Telomeres are sections of genetic material that form a protective cap at the end of each chromosome in every cell of the body. When a cell divides, the telomere gets a tiny bit shorter, until there is no more telomere left to protect DNA from “unraveling,” and the cell dies. Cellular death causes the body to age, whether the cell is from cardiac muscle, skin, or brain tissue, thus making telomeres a novel biomarker for biological age. The longer one’s telomeres, the younger one’s biological age. Several things affect telomere attrition rate – both positive (good nutrient status, healthy blood sugar and lipid metabolism, normal weight, exercise, etc.) and negative (micronutrient deficiencies, inflammation, cellular stress, a sedentary lifestyle, etc.).
Shammas M. Telomeres, lifestyle, cancer, and aging. Curr Opin Clin Nutr Metab Care. 2011 Jan; 14(1): 28–34. Illustration: Ivel DrFreitas MD, ABIM, ABAARM.
How is micronutrient status linked to the aging process?
Micronutrient status has direct implications for telomere length. This makes it especially important to correct specific deficiencies and maintain micronutrient balance. Measuring total antioxidant capacity via SPECTROX® is equally important as the body’s ability to handle oxidative stress contributes significantly to telomere health/length.
Why measure fatty acids?
OmegaCheck® measures the amount of three very important fatty acids (EPA, DHA, and DPA) in one’s blood. Fatty acids can either contribute to or alleviate inflammation, and the OmegaCheck determines the amount of these pro- and anti-inflammatory fatty acids. Although the protective omega-3 fatty acids influence enzyme and hormone systems throughout the body, they have gained attention primarily for their superb cardiovascular benefits. Since fatty acid status is a surrogate marker for inflammation and oxidative stress, it is not surprising that omega-3 fatty acids can slow cellular aging by preserving telomeres. When it comes to OmegaCheck, higher is better.
Omega-3 fatty acids can slow the aging process. There are many reasons for this: they reduce inflammation, help maintain the cardiovascular system healthy, and protect the brain. However, the existing research points to an entirely different mechanism of action against aging: protection of telomeres.

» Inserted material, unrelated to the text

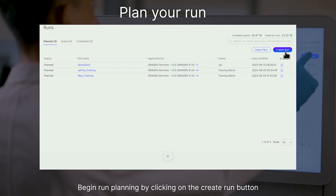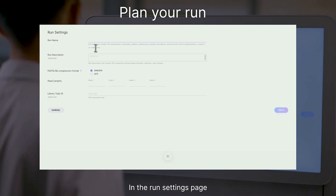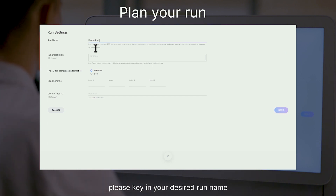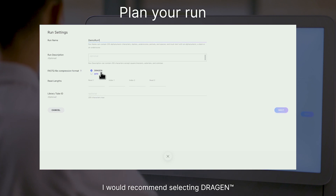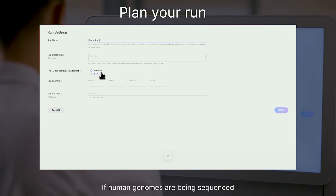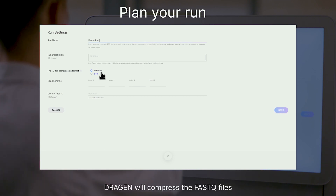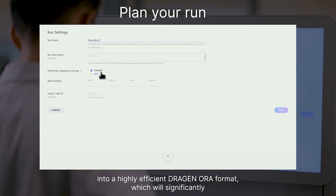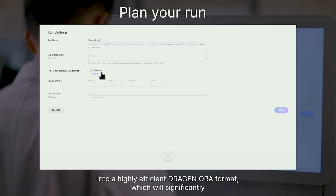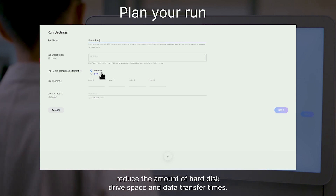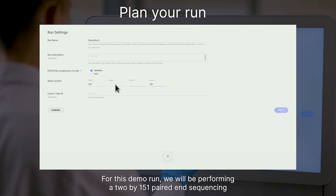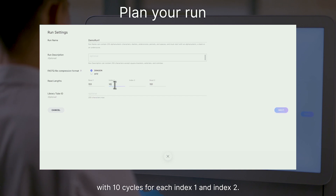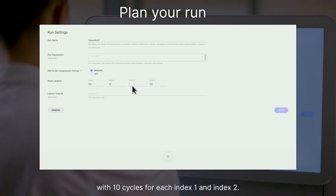Begin run planning by clicking on the Create Run button. In the Run Settings page, please key in your desired run name. For FastQ file compression format, I would recommend selecting Dragon if human genomes are being sequenced. Dragon will compress the FastQ files into a highly efficient Dragon Aura format, which will significantly reduce hard disk drive space and data transfer times. For this demo run, we will be performing a 2x151 paired-end sequencing with 10 cycles for each index 1 and 2.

A recent study on people with active heart disease demonstrated that individuals with high blood levels of omega-3 fatty acids also had the lowest rate of telomere attrition, suggesting that omega-3 fatty acids protect against cellular aging.1 In another study, the adoption of comprehensive lifestyle changes (including daily supplementation with 3 grams of fish oil, which is high in omega-3 fatty acids) was associated with an increase in telomere length in human leukocytes.2 In animal studies, dietary enrichment of omega-3 fatty acids prolongs life span by approximately one-third.3
Yet another way that omega-3 fatty acids have a protective effect on telomeres is through their action on cortisol. Following six weeks of fish oil supplementation, a group of men and women in a study demonstrated significantly reduced4 cortisol, a stress hormone known to reduce the activity of telomerase,5 an enzyme that protects and even lengthens telomeres. Even stress-related cellular aging may be thwarted by omega-3 fatty acids!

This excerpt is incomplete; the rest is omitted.